### Supplied information:

-- -- --

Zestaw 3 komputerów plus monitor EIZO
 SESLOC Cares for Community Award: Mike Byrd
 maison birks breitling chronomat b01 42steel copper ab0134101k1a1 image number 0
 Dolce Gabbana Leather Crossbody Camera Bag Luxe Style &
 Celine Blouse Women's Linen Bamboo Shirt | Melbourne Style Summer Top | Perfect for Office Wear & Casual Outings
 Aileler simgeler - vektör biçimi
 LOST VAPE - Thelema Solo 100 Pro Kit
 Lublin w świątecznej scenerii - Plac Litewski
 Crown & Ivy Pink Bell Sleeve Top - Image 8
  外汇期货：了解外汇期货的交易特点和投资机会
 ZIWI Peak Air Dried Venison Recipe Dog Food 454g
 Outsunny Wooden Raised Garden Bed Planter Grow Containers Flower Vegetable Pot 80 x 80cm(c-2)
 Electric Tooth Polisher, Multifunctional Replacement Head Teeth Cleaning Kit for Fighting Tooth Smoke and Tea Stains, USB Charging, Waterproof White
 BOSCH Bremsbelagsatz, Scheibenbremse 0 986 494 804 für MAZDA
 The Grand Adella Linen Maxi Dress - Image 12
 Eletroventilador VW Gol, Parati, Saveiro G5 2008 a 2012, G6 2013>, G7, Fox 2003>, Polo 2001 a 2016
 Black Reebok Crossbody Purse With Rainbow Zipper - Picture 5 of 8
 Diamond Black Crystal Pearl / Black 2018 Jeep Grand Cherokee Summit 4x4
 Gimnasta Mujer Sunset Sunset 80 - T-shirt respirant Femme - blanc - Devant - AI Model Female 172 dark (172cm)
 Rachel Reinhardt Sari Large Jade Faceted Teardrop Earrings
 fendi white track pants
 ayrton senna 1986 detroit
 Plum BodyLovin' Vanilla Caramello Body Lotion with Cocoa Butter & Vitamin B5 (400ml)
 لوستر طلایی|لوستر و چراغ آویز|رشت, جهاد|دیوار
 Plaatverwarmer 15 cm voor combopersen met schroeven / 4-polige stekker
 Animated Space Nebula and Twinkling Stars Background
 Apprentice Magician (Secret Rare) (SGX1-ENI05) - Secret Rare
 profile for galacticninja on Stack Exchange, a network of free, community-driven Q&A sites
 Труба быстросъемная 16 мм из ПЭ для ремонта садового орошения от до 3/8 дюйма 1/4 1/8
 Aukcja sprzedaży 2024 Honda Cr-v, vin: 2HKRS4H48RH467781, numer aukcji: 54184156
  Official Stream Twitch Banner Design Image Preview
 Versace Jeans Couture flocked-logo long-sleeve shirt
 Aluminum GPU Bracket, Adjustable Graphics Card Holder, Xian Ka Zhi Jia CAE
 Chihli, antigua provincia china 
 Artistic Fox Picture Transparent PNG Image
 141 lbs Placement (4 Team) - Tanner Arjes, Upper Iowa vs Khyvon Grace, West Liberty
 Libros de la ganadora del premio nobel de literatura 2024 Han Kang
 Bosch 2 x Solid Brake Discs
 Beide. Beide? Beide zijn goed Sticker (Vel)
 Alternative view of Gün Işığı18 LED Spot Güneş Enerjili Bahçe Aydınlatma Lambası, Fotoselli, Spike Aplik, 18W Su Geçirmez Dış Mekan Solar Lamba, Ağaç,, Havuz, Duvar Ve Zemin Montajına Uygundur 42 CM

-- -- --

### What to produce:
Repeat all of the data exactly. Include every line.

### Task response:
Zestaw 3 komputerów plus monitor EIZO
 SESLOC Cares for Community Award: Mike Byrd
 maison birks breitling chronomat b01 42steel copper ab0134101k1a1 image number 0
 Dolce Gabbana Leather Crossbody Camera Bag Luxe Style &
 Celine Blouse Women's Linen Bamboo Shirt | Melbourne Style Summer Top | Perfect for Office Wear & Casual Outings
 Aileler simgeler - vektör biçimi
 LOST VAPE - Thelema Solo 100 Pro Kit
 Lublin w świątecznej scenerii - Plac Litewski
 Crown & Ivy Pink Bell Sleeve Top - Image 8
  外汇期货：了解外汇期货的交易特点和投资机会
 ZIWI Peak Air Dried Venison Recipe Dog Food 454g
 Outsunny Wooden Raised Garden Bed Planter Grow Containers Flower Vegetable Pot 80 x 80cm(c-2)
 Electric Tooth Polisher, Multifunctional Replacement Head Teeth Cleaning Kit for Fighting Tooth Smoke and Tea Stains, USB Charging, Waterproof White
 BOSCH Bremsbelagsatz, Scheibenbremse 0 986 494 804 für MAZDA
 The Grand Adella Linen Maxi Dress - Image 12
 Eletroventilador VW Gol, Parati, Saveiro G5 2008 a 2012, G6 2013>, G7, Fox 2003>, Polo 2001 a 2016
 Black Reebok Crossbody Purse With Rainbow Zipper - Picture 5 of 8
 Diamond Black Crystal Pearl / Black 2018 Jeep Grand Cherokee Summit 4x4
 Gimnasta Mujer Sunset Sunset 80 - T-shirt respirant Femme - blanc - Devant - AI Model Female 172 dark (172cm)
 Rachel Reinhardt Sari Large Jade Faceted Teardrop Earrings
 fendi white track pants
 ayrton senna 1986 detroit
 Plum BodyLovin' Vanilla Caramello Body Lotion with Cocoa Butter & Vitamin B5 (400ml)
 لوستر طلایی|لوستر و چراغ آویز|رشت, جهاد|دیوار
 Plaatverwarmer 15 cm voor combopersen met schroeven / 4-polige stekker
 Animated Space Nebula and Twinkling Stars Background
 Apprentice Magician (Secret Rare) (SGX1-ENI05) - Secret Rare
 profile for galacticninja on Stack Exchange, a network of free, community-driven Q&A sites
 Труба быстросъемная 16 мм из ПЭ для ремонта садового орошения от до 3/8 дюйма 1/4 1/8
 Aukcja sprzedaży 2024 Honda Cr-v, vin: 2HKRS4H48RH467781, numer aukcji: 54184156
  Official Stream Twitch Banner Design Image Preview
 Versace Jeans Couture flocked-logo long-sleeve shirt
 Aluminum GPU Bracket, Adjustable Graphics Card Holder, Xian Ka Zhi Jia CAE
 Chihli, antigua provincia china 
 Artistic Fox Picture Transparent PNG Image
 141 lbs Placement (4 Team) - Tanner Arjes, Upper Iowa vs Khyvon Grace, West Liberty
 Libros de la ganadora del premio nobel de literatura 2024 Han Kang
 Bosch 2 x Solid Brake Discs
 Beide. Beide? Beide zijn goed Sticker (Vel)
 Alternative view of Gün Işığı18 LED Spot Güneş Enerjili Bahçe Aydınlatma Lambası, Fotoselli, Spike Aplik, 18W Su Geçirmez Dış Mekan Solar Lamba, Ağaç,, Havuz, Duvar Ve Zemin Montajına Uygundur 42 CM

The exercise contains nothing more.